*REQUIREMENT*.
Pull out of the data below the stretch of lines bounded by the one containing "Popcorn with caramel" and the one containing "gas grill and", both bounds included, unchanged.

*PROVIDED MATERIAL*.
────────────────────

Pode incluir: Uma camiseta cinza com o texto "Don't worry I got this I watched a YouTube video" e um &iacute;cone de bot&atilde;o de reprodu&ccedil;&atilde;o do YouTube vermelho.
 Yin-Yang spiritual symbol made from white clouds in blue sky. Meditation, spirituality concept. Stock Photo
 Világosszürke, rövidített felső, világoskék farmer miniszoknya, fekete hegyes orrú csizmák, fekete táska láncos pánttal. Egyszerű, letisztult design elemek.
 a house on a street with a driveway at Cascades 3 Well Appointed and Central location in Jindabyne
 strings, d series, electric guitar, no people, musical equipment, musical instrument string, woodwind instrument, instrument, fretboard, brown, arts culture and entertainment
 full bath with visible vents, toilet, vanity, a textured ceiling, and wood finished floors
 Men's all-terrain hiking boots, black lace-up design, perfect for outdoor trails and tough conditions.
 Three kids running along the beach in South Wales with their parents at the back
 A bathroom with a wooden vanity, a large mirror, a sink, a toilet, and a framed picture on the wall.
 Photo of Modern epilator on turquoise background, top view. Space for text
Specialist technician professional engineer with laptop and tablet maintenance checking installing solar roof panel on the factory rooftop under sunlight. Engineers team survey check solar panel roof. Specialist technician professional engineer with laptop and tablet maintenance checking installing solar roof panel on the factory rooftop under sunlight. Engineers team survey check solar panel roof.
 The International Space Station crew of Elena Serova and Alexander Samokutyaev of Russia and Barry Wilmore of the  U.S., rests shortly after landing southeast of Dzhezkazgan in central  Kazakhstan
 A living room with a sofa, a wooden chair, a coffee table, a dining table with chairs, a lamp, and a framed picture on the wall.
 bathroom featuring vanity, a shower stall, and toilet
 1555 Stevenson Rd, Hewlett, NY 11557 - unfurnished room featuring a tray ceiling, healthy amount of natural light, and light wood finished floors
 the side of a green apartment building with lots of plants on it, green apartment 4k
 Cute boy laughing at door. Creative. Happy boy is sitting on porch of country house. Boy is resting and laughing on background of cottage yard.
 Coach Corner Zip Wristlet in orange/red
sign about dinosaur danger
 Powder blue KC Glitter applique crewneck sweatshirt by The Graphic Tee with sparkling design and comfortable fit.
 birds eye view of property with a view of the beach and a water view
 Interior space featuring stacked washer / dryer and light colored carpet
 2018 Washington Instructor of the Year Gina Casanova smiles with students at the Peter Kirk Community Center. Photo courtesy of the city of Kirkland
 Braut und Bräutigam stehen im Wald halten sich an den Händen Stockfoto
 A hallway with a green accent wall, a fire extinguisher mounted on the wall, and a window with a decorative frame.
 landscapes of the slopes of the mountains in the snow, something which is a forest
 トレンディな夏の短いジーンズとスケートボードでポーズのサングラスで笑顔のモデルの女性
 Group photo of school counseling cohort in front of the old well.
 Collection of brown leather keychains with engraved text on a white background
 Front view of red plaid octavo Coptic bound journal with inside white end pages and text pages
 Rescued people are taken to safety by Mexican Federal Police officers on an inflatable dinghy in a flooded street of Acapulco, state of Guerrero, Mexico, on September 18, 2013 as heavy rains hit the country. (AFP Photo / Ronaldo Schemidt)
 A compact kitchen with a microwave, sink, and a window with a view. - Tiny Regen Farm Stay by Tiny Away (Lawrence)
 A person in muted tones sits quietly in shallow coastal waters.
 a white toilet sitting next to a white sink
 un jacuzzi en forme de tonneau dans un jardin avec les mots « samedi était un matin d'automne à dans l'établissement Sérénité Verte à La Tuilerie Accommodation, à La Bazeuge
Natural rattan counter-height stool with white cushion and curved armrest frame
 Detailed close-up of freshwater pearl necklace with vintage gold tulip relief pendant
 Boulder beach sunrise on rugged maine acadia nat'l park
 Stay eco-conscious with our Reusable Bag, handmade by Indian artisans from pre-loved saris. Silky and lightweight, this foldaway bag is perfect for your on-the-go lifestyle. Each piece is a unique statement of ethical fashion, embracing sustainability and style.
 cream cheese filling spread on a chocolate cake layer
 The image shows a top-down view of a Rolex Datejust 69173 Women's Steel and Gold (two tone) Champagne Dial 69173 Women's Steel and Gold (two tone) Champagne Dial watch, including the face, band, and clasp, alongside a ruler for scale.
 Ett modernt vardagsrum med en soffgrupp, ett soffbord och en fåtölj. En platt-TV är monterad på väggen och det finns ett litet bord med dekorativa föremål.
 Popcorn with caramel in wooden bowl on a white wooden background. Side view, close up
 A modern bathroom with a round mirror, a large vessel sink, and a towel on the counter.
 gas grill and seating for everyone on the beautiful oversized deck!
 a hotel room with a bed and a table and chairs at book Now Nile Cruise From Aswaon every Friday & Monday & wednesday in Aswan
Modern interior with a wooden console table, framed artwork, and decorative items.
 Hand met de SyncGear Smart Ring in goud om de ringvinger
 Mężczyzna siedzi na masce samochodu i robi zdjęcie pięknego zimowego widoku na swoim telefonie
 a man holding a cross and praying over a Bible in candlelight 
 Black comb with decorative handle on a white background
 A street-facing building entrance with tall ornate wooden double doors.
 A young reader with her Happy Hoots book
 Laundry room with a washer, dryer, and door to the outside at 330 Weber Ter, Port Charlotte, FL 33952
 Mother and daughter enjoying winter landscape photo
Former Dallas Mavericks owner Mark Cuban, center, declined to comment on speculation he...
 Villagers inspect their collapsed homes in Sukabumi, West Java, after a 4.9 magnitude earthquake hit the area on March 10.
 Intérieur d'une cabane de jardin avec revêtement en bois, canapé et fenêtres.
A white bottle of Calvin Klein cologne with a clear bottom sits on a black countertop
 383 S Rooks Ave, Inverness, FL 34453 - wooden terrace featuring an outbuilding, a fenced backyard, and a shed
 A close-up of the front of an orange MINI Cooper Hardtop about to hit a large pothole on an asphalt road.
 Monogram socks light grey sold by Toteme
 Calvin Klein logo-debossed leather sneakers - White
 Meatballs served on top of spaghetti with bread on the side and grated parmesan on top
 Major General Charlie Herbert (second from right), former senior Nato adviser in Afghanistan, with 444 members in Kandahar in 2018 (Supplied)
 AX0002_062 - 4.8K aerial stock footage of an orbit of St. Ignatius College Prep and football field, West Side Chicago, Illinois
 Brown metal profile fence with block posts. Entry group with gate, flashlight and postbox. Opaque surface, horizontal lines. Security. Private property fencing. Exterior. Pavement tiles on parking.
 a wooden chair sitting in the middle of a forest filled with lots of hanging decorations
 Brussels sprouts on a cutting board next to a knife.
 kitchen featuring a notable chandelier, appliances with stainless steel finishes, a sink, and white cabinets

────────────────────

*RESULT OF THE TASK*.
 Popcorn with caramel in wooden bowl on a white wooden background. Side view, close up
 A modern bathroom with a round mirror, a large vessel sink, and a towel on the counter.
 gas grill and seating for everyone on the beautiful oversized deck!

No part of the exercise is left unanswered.